Post: Mobile Home in El Reno, Oklahoma

Matt R.Posted
  • Blue Springs, MO
  • Posts 481
  • Votes 313

Your post title caught my eye just because I used to live in Oklahoma... partly out in the sticks, and partly in Tulsa.  I've never invested in mobile homes, so I can't speak much to the financial aspects.  I *have* helped fix a few of them, and been to one that was on fire (!), so if you've never lived in one before, maybe some of this will help...

In my experience, the fittings in a mobile home are Slightly Different[tm] than what they would be in a stick-built house.  If you have to make a repair, like replacing a faucet or a sink trap or something, you can't just walk into the hardware store and buy the thing that they have stacks and stacks of - that one will be for a stick-built house.  The mobile-home stuff will be available at the hardware store, but you have to look around for it.  You may need to go to one particular store in town to find the right stuff.

Usually the wiring, plumbing, etc that was done in the factory is reasonably OK, but the quality of the stuff that is done locally when the house is set in place varies a *lot*.  It is probably a good idea to put on your tusslin' clothes and crawl around in the dirt under the house and inspect the connections to the water, sewer/septic, electric, and gas/propane (if equipped).  Look for long sections of pipe that aren't mechanically supported, wire nuts waving in the breeze, people using garden hose for the propane line, etc.  Also make sure the water pipe(s) under the house have insulation and maybe electric heat tape on them.

The one that was on fire happened because the owner had installed air conditioning.  The wiring was a piece of indoor cable (no conduit) that came down through the floor of the home, under a hay bale (there was no skirt), and then to the outside unit.  There was a short or a bad splice in this wire that heated up and set the hay bale on fire, which then caught the house on fire.

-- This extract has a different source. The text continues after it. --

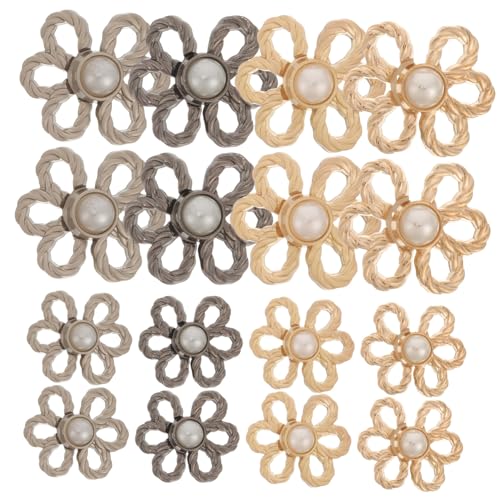 GARIOUANS 8 Paare Hosenbund knöpfe Metall Blumen design Jeans Knopf Ersatz Taillenspanner für Damen Verstellbare Bundknöpfe für Hose in Gold Silber Gunmetal und Standardgold von GARIOUANS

If this one is out in the country a little, that may be attractive to people that just don't want their neighbors so close, or want to do something that's not as easy to do in town... like park their big pickup or semi-tractor, or have a garden, or whatever.

I hope this helps!

Post: Anybody work with Prime Realty Group in Kansas City, MO?

Matt R.Posted
  • Blue Springs, MO
  • Posts 481
  • Votes 313
Originally posted by @Emily Powell:

And I am told that the program making up the difference between what I was quoted for rent initially and what I am receiving from the housing authority (and tenant) is called SAVE (www.saveinckc.org/).

I hadn't heard of SAVE before, but their website says they started out in the 1980s as a hospice for people living with HIV or AIDS.  More recently (not sure exactly when), they expanded their scope "to serve those managing a mental illness and substance abuse, in addition to those living with HIV/AIDS." Looking at their list of services , the one that seems to match the situation the best is "Tenant Based Rental Assistance", although it could be a couple of their other programs.  It appears they are a 501(c)(3) non-profit.